» ACTIVITY
The answer must be an exact copy of the lines from the one with "this 640×424 image." to the last line of the entries below, both included, and must contain no pictures.

» INFORMATION PROVIDED
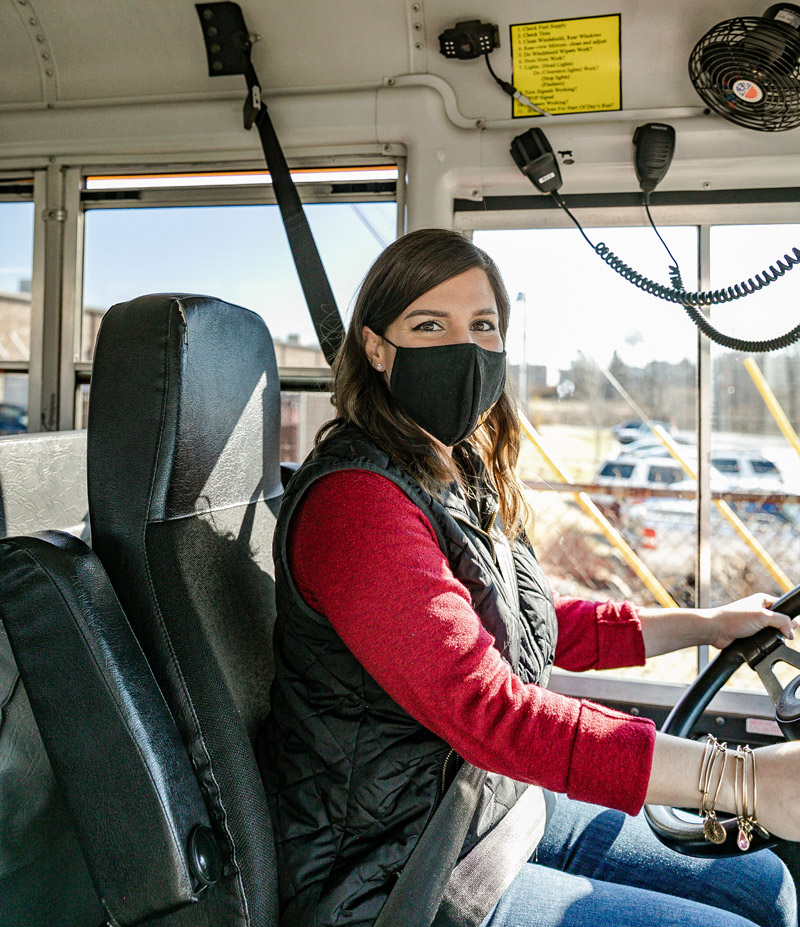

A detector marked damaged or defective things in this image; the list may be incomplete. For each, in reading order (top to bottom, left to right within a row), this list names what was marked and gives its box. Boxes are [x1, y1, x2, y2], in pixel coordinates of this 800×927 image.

torn vinyl seat [1, 296, 284, 927]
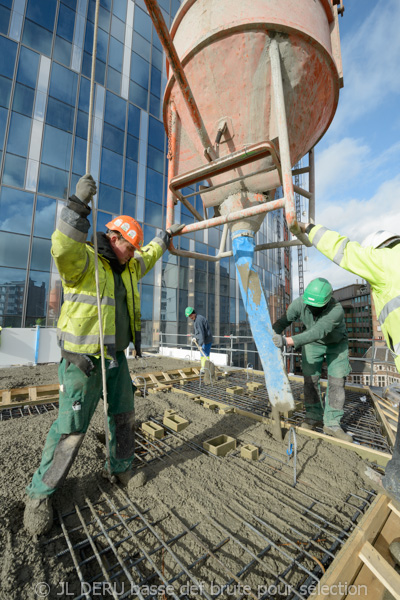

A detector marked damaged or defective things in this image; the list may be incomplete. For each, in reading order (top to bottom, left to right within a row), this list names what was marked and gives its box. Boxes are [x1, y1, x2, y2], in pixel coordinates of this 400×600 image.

orange rusty hopper [143, 0, 344, 412]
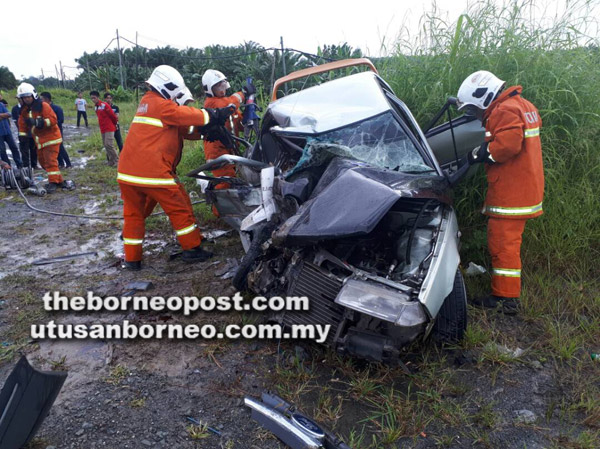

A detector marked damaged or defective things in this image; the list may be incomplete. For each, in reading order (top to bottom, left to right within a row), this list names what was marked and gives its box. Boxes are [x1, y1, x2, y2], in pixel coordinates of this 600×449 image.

shattered windshield [308, 112, 434, 173]
severely damaged car [192, 57, 488, 362]
crumpled hood [274, 158, 448, 245]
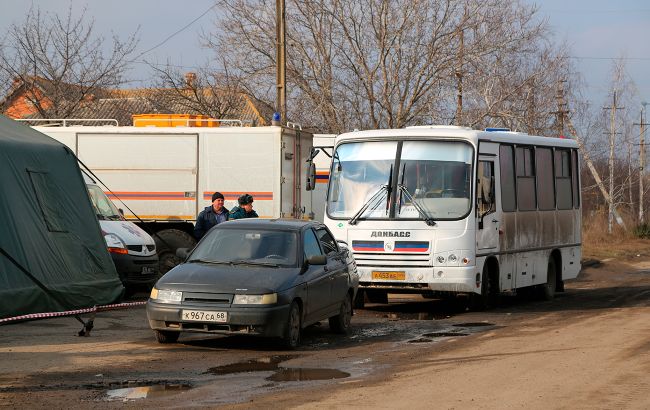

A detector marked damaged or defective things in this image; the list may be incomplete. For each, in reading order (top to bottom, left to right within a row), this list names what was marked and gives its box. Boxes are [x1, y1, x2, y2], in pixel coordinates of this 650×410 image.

pothole [104, 382, 190, 402]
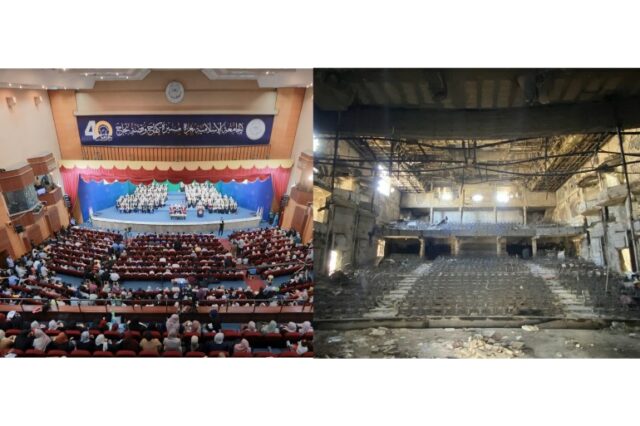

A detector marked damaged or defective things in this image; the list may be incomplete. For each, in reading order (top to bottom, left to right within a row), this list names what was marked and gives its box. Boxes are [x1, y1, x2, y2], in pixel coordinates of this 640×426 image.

burnt auditorium interior [0, 68, 314, 358]
burnt auditorium interior [316, 69, 640, 356]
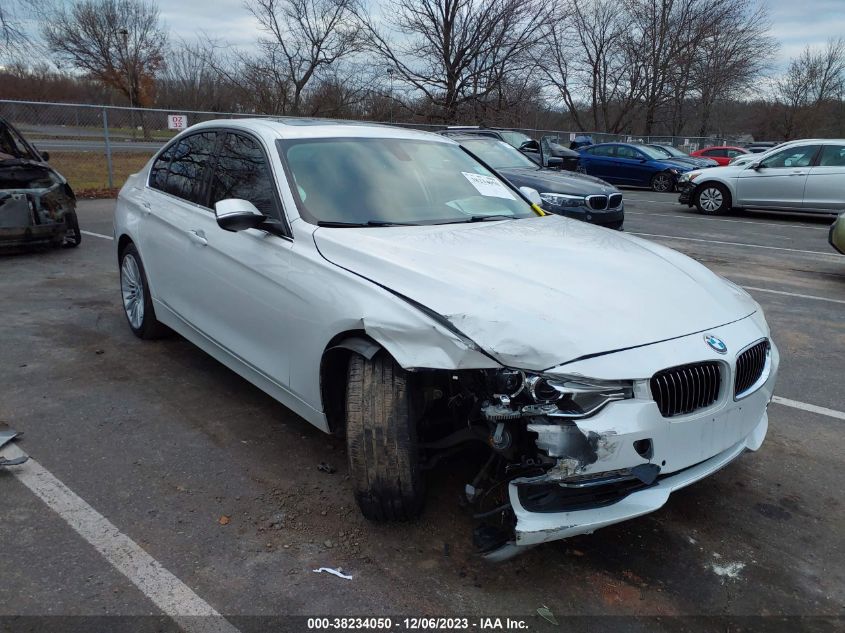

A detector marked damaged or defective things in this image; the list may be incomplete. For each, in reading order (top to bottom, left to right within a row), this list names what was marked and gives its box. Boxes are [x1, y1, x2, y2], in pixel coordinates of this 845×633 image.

partially visible burned car [0, 117, 80, 248]
shattered headlight [536, 193, 584, 210]
damaged white bmw [112, 118, 780, 556]
partially visible burned car [112, 118, 780, 556]
bent hood [312, 215, 760, 368]
shattered headlight [492, 368, 628, 418]
crumpled front bumper [482, 314, 780, 556]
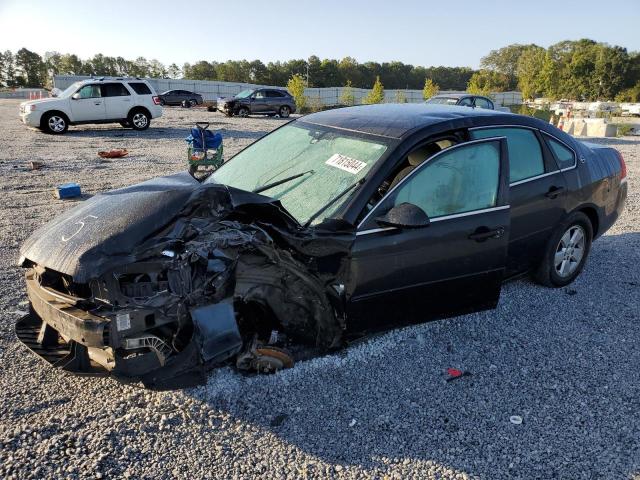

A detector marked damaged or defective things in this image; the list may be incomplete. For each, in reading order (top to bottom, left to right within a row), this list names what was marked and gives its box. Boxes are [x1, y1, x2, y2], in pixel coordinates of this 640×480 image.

cracked windshield [210, 122, 390, 223]
wrecked black car [17, 104, 628, 386]
damaged front bumper [17, 268, 244, 388]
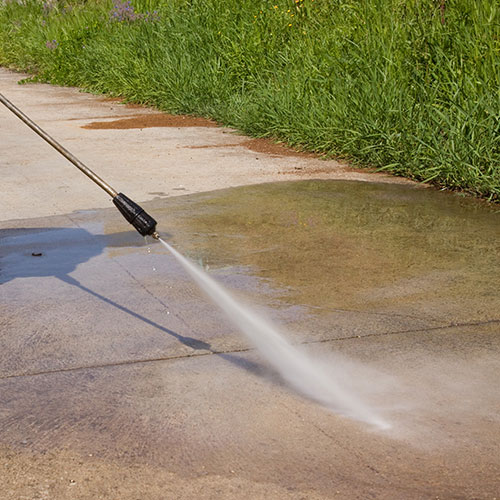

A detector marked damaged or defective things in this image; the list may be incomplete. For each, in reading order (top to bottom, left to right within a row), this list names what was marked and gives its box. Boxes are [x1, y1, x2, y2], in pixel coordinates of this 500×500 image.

crack in concrete [0, 318, 496, 380]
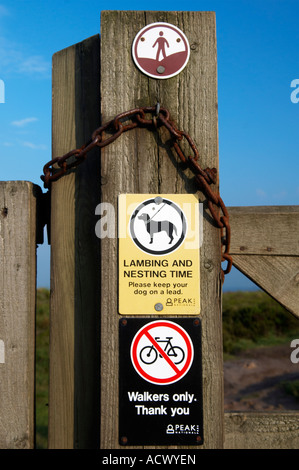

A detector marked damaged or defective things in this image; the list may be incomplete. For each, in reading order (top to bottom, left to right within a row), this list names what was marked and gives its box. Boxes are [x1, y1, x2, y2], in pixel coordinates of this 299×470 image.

rusty chain [41, 105, 234, 280]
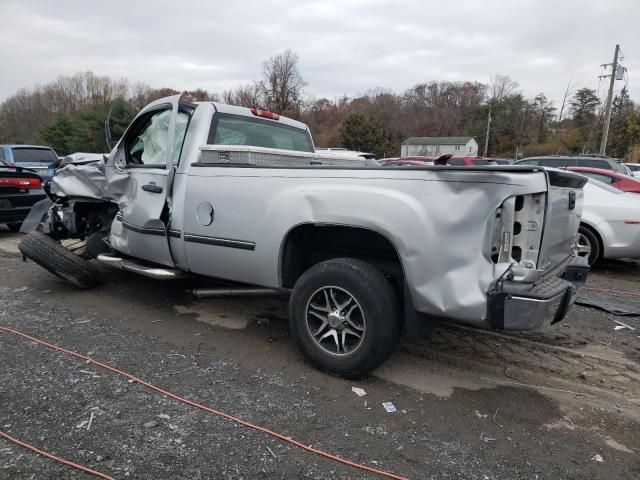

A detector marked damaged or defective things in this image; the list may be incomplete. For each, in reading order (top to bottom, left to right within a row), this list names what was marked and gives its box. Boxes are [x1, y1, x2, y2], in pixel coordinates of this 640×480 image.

detached front tire [19, 230, 99, 288]
damaged silver pickup truck [20, 94, 592, 376]
detached front tire [290, 258, 400, 378]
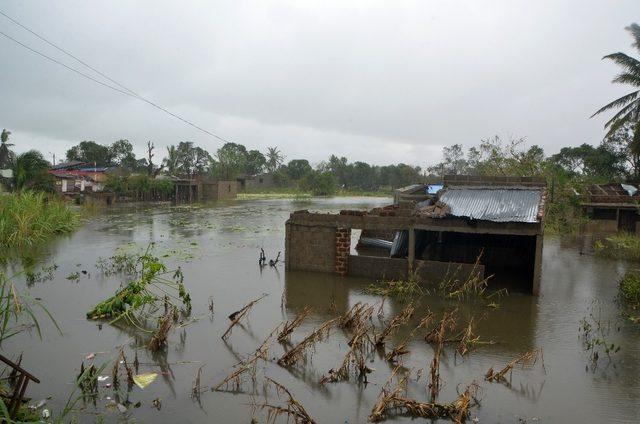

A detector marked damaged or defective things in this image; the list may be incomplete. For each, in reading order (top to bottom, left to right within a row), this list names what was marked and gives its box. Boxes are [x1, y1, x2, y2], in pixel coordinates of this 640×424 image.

distant damaged structure [288, 176, 548, 294]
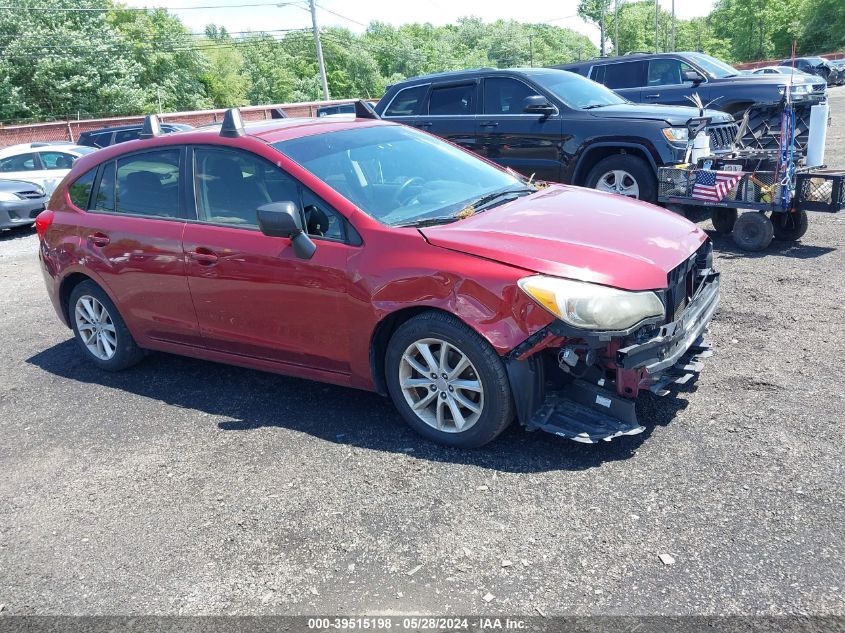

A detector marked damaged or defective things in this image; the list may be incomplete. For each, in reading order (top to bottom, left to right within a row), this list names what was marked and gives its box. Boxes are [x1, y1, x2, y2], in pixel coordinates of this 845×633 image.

front-end collision damage [504, 242, 724, 444]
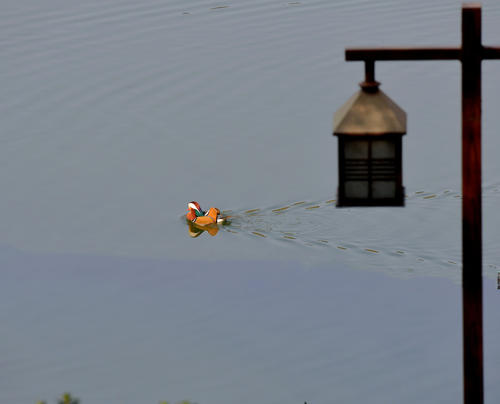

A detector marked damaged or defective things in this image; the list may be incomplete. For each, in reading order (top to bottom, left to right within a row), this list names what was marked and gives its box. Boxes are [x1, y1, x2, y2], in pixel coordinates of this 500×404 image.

rusty metal pole [460, 3, 480, 404]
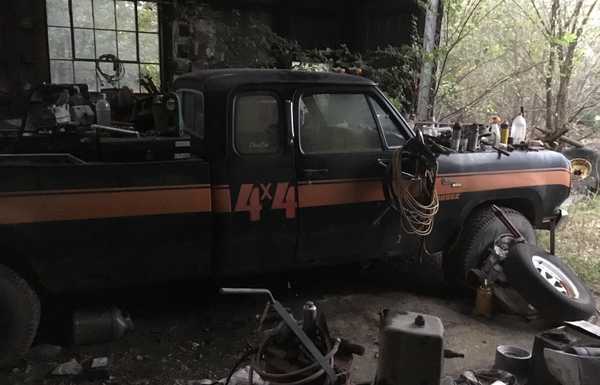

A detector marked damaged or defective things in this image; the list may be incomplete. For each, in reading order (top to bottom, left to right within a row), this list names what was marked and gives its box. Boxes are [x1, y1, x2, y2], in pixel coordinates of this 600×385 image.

broken window [45, 0, 159, 92]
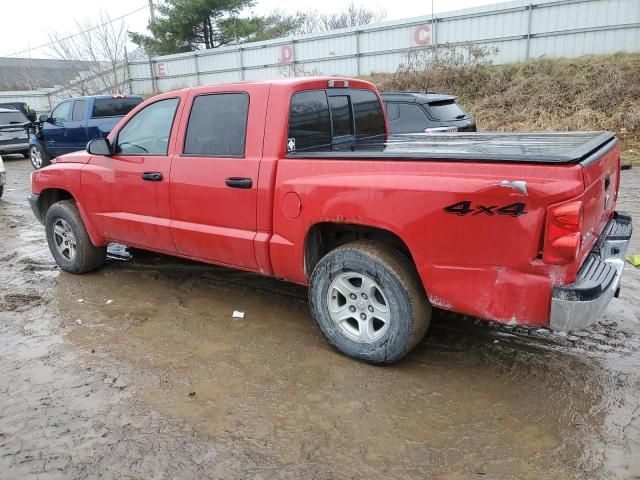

» SOLUTION TO THE PROBLEM
A detector marked damaged or defective things in this image; the list may be incomplete. For each, in reading order (top to bottom, left to right within a row), this list names what was marked and gives its box. Boxes are [x1, y1, x2, y2], in pixel coordinates of this 640×424 image.

distant damaged structure [288, 176, 548, 294]

A detector marked damaged or defective things in this image; the list may be incomplete. For each, in reading order (top to bottom, left to right within a row), this list names what was marked and gives its box. Boxes are [x1, y1, x2, y2], in pixel coordinates of this 845×633 image.

front-end collision damage [504, 242, 724, 444]

A detector marked damaged or defective things in this image; the list may be incomplete. For each, in reading order (top to bottom, left to right within a row), this list names what was marked and gives its box. Boxes are [x1, y1, x2, y2], in pixel coordinates of this 500×404 image.

rusty metal pole [460, 3, 480, 404]

A detector marked damaged or defective things in this image; the list may be incomplete. For each, in reading order (top to bottom, left to right within a row), this list names what was marked and gives its box. Boxes are [x1, y1, x2, y2], in pixel coordinates of this 600×385 image.

broken window [45, 0, 159, 92]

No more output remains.